A nomogram based on radiomics and other ultrasound features of automated breast volume scanning (ABVS) images can more accurately access axillary lymph node status, according to a report published February 5 in Ultrasound in Medicine & Biology.
Researchers led by Hui Wang from Lanzhou University in China found that their combined nomogram outperformed radiomics signatures alone in noninvasively predicting lymph node metastasis in women with early invasive breast cancer.
"The constructed nomogram model has the potential to be an adjunct diagnostic tool for axillary lymph node metastasis in patients with early invasive breast cancer," Wang and co-authors wrote.
Axillary lymph node status is an important independent predictor of early invasive breast cancer and also impacts treatment guidance and prognosis. Dissection and biopsy are the standard methods for assessing such status, but the researchers noted they tend to lead to false-positives and postoperative complications.
"Therefore, to enable personalized and minimally invasive treatments, a non-invasive tool... is essential," Wang and colleagues wrote.
Nomograms are predictive models that help simplify decision-making processes by transforming complex data into visual graphs. The researchers however pointed out a lack of data for the use of ABVS images to predict axillary lymph node status.
They wanted to put their own preoperative nomogram to the test. The nomogram used for this study included four independent predictors: radiomics signature, ultrasound-evaluated lymph node status, convergence sign, and erythrocyte distribution width. The team suggested that the nomogram can predict both axillary lymph nodes with positive ultrasound features and micrometastatic lymph nodes.
The researchers took retrospective data taken between 2016 and 2020 from 179 ABVS images of women with early-stage breast cancer. They were divided into training and validation sets, with a ratio of 8:2. They also enrolled 97 ABVS images from a second center as a test set.
The team found that the nomogram had higher AUCs in training, validation, and test sets compared with using only radiomics signatures.
Comparison between nomogram, radiomics signatures in predicting axillary lymph node metastasis for early invasive breast cancer | |||
Dataset | Radiomics signatures | Nomogram | p-value |
Training | 0.644 | 0.781 | 0.005 |
Validation | 0.707 | 0.773 | 0.401 |
External test | 0.670 | 0.828 | 0.007 |
Nomogram prediction curves were also close to the ideal curve when evaluated using correlation coefficients in the training set and the test set, the researchers reported.

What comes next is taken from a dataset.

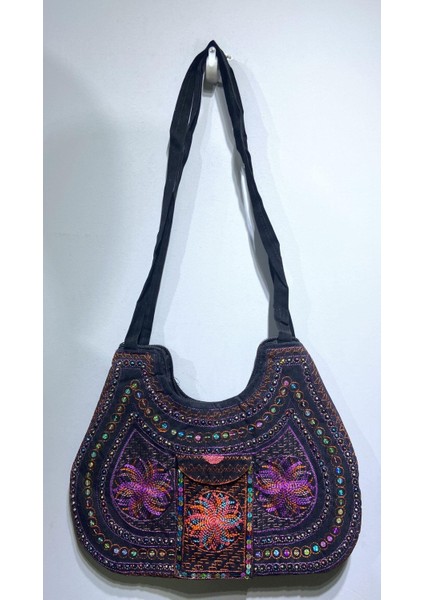 Özel Tasarım Orta Boy Omuz Çantası 419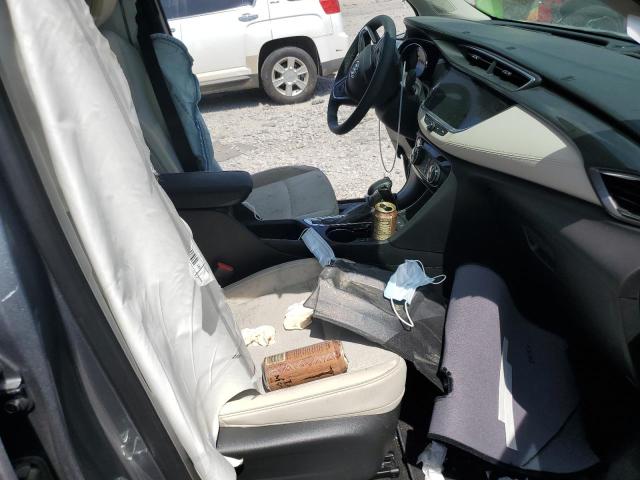Photo 5 from auction – 2021 BUICK ENCORE GX with VIN KL4MMBS2XMB128556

They also found that the nomogram was "of greater benefit" when it came to decision curves of the training and validation sets when the probabilities were less than 0.8 and greater than 0.94, or less than 0.67 and greater than 0.87, respectively. Additionally, when the threshold probability was arbitrary for decision curves of the test set, the researchers wrote that patients benefited more from the nomogram.
Finally, the nomogram predicted that two patients with early invasive breast cancer were at risk for axillary lymph node metastasis.
The study authors suggested that using ABVS images has advantages over other imaging modalities. These include a standardized examination process, "relatively" constant parameter adjustment, and high reproducibility.
"Thus, constructing the ABVS-based radiomics nomogram might improve its generalization, facilitating its clinical application," they wrote. "The AUC of the current radiomics nomogram is conducive to the clinical application of the nomogram."